This might seem a great thing for the young single professionals who live and thrive in the metropolis, much as New Yorkers love living on a separate island from the rest of the USA, but Cohen points out that with London as the nation's media capital, such ideological isolation inspires inaccurate reporting on British society as a whole. (Cohen being an exception to his rule, of course.) Boiling one of my own theories down to statistical logic, he writes:

"When conservatives [or far-off observers, I would like to add] complain about the undoubted liberal bias of the BBC, they assume some kind of socialist plot when it is geography not ideology driving attitudes. A young middle-class BBC type in London is unlikely to meet anyone socially who is, say, against abortion or pro-war. Because they don't confront opposing ideas, they can't put themselves into the minds of people outside their consensus and ask questions from another point of view."

[One could fairly say the same of New York, and many 'conservatives' across America make a habit of doing just that.]

THIS GUITAR KILLS FASCISTS (or at least it should)

One frightening statistic which would appear to prove Cohen's pessimism over Sampson's optimism comes from an Independent piece about the new Love Music Hate Racism collective: that "the British National Party are polling 17% in Council Elections." They what? And that figure doesn’t appear to be confined merely to the communities where these racists field their candidates: another cutting notes how in "one recent poll...16% of respondents said they would consider voting BNP." That's serious. Really f-ing serious. Britain's multi-culturalism stands for absolutely nothing if almost a fifth of the country can consider voting for barely-disguised Nazis. (The BNP now has 18 council seats, following a victory at Thurrock, Essex in September last year.) When I see statistics and figures like this, it reminds me why I don't live in Britain anymore. Have we learned nothing about fascism over the last 100 years?
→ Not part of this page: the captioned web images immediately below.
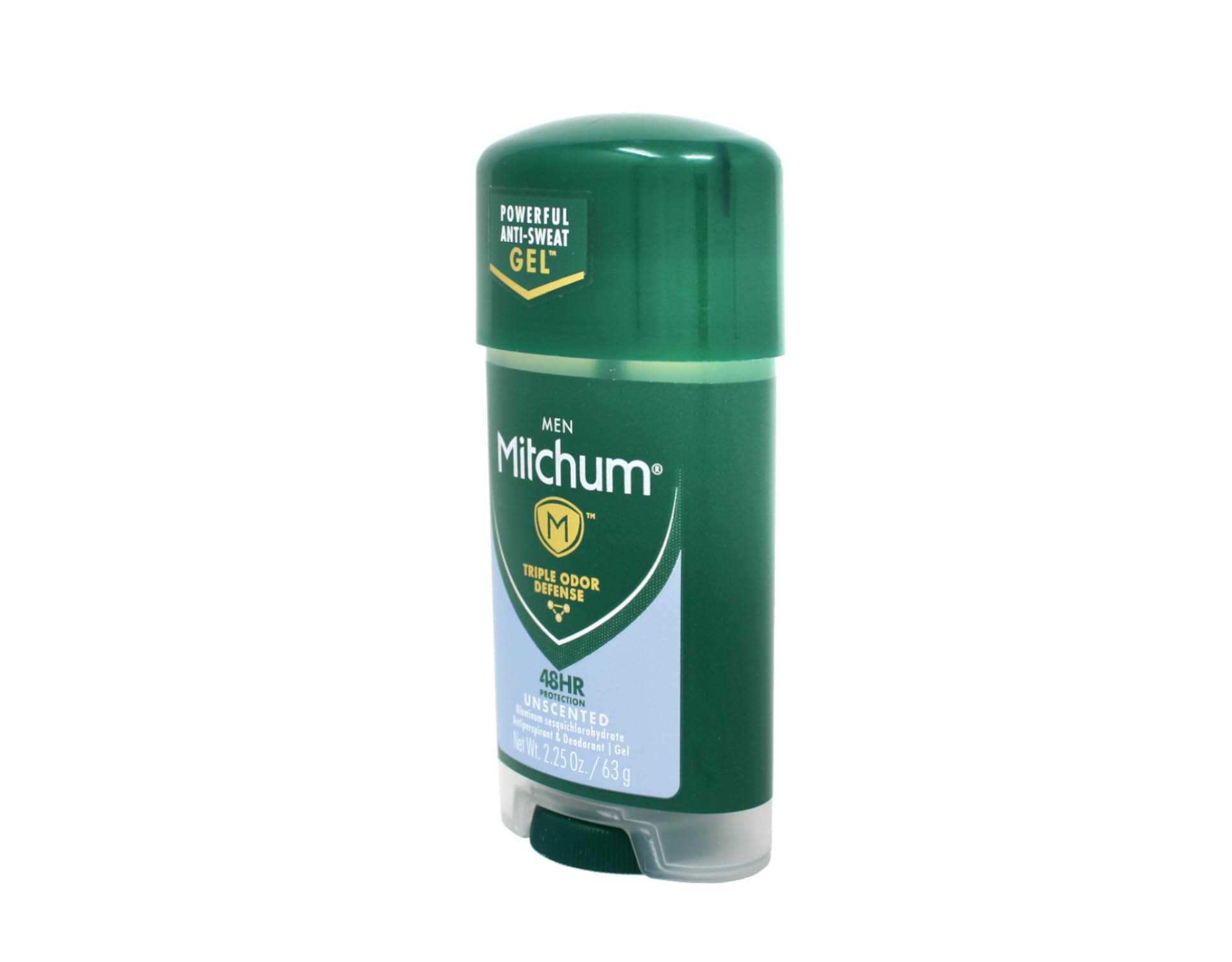 Mitchum déodorant gel sans parfum, format duo pratique pour la maison et le sac
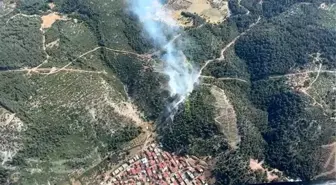 Soma'da İkinci Orman Yangınına Müdahale Başladı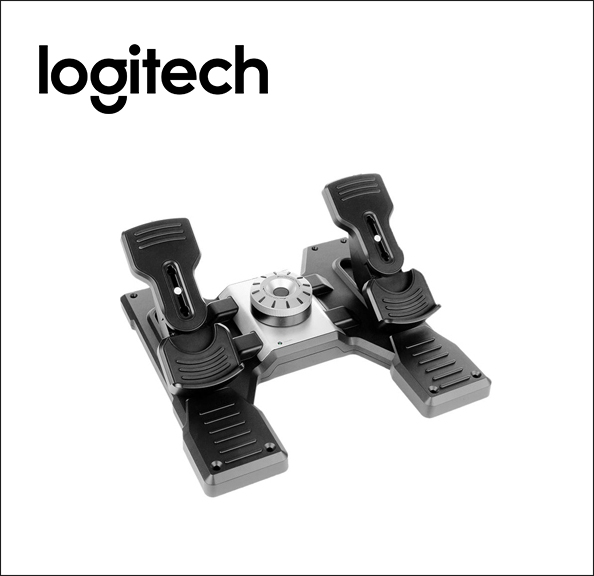 Logitech Flight Rudder Pedals Pedals - wired - for PC 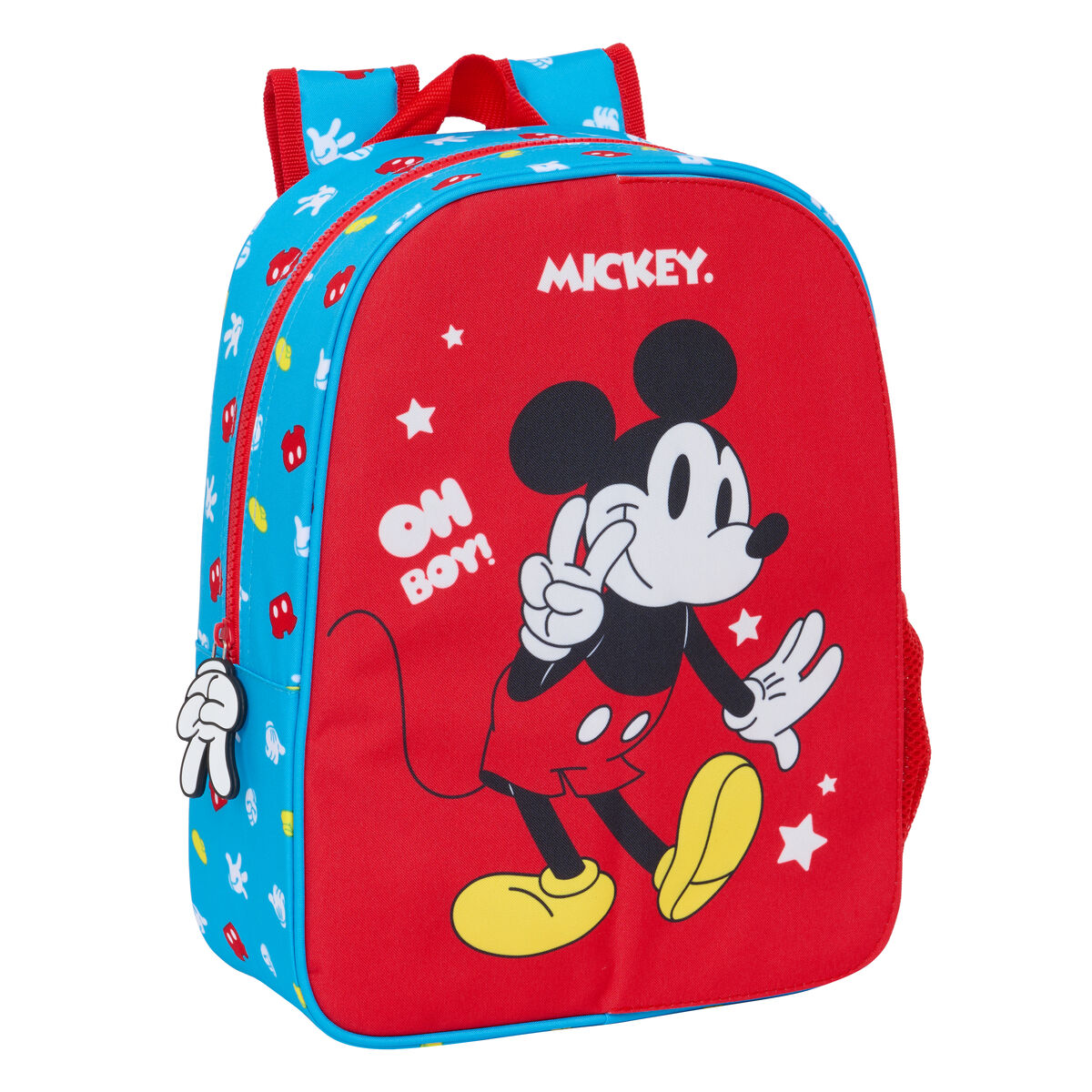 Zaino Scuola Mickey Mouse Clubhouse Fantastic Azzurro Rosso 26 X 34 X 11 cm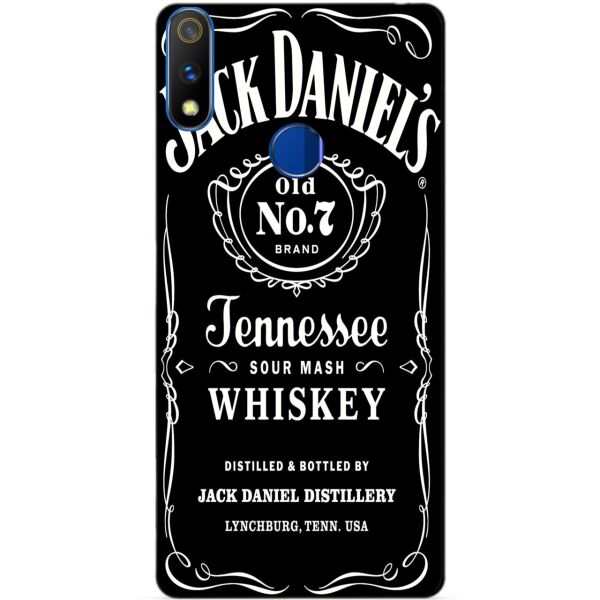 

Силиконовый чехол бампер Candy для Realme 3 Pro с рисунком Jack Daniels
Such is the controversy over Britain's ethic make-up that – and this report is right up-to-date, thanks to my own online scrutinizing,

"Trevor Phillips, chairman of the Commission for Racial Equality, has called for an end to multiculturalism in Britain. Separateness is over, he said last week. It is time to rediscover the nation's belief in 'core British values' and integrate under an umbrella marked with the colours of the Union flag."

Musician Nittin Sawhney is offended by the comments.

"Multiculturalism simply implies a number of different cultures co-existing under a common umbrella (including every example from 1950s South Africa to contemporary London). There is nothing in the phrase that implies either separateness or homogeneity."

I'm with Sawnhey. I always think of multi-culturalism as an involvement in many cultures, not an isolated stance on individual ones. And I always think it can only be for the overall good.


Radio 1 indie icon Steve Lamacq sees British music culture under threat not from ethnic diversity (which, after all, is not his musical strength), but from its strongest ally. Last month, he asserted in the Guardian that Britain has allowed itself to become a cheap and credible testing ground for new American talent, and that it's necessary to turn the tables for British music to thrive.

"This year promises to boast as many homegrown new acts as the giddy days of Britpop. The struggle for the UK industry will be to grasp this American goodwill and use it in the States. Otherwise we might as well hold our new Britpack Revolution (as the NME describes it) in a marquee on the village green."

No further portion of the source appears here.